→ Your assignment:
Return all the data exactly, keeping the pictures out.

→ Available data:

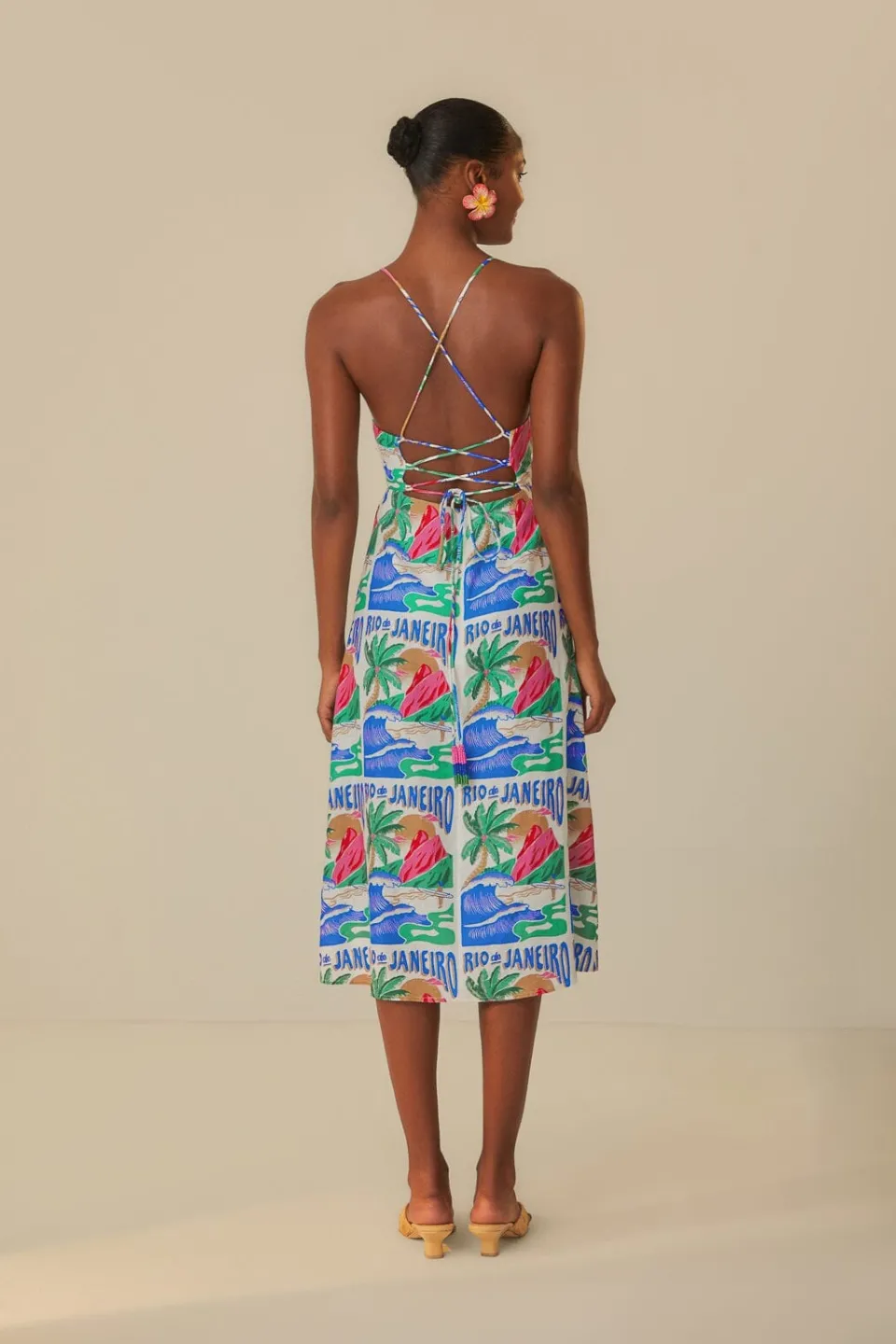 FARM Rio Robes Midi<Robe midi à affiches Carioca blanc cassé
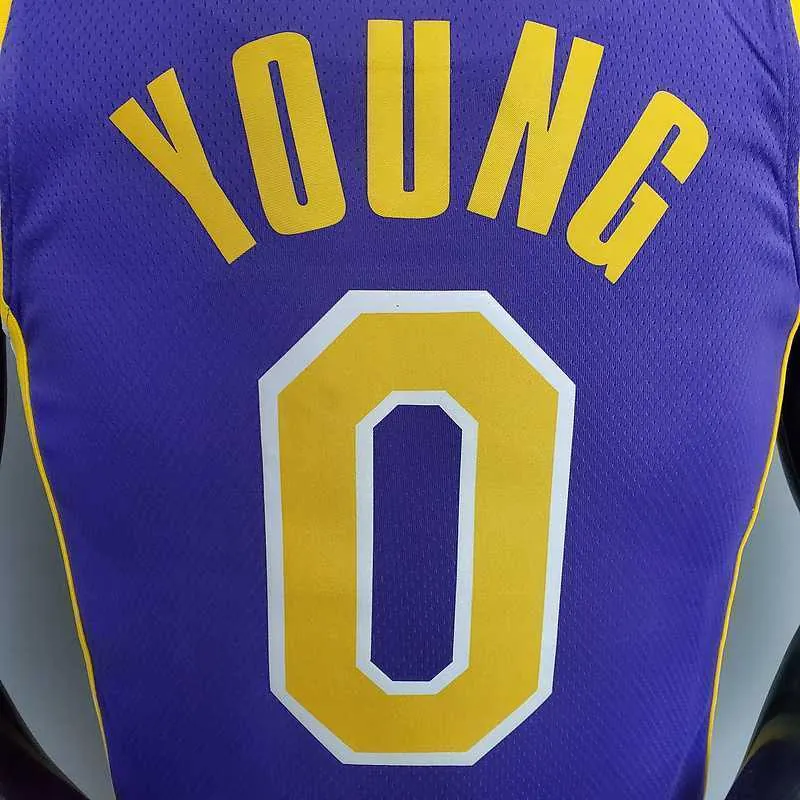 New Lakers Jordan Young #0 Theme Purple Round Neck 1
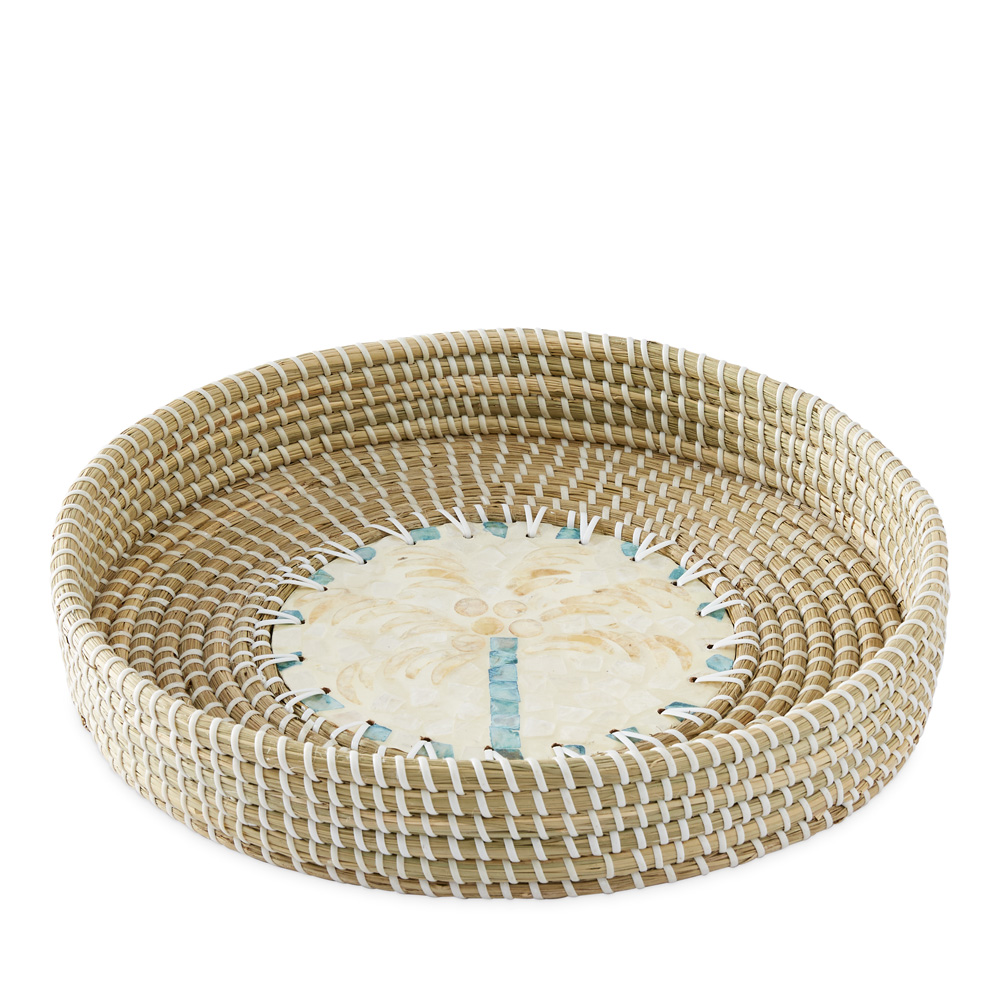 Bahama Blue Palm Round Tray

→ Result for this exercise:
 FARM Rio Robes Midi<Robe midi à affiches Carioca blanc cassé
 New Lakers Jordan Young #0 Theme Purple Round Neck 1
 Bahama Blue Palm Round Tray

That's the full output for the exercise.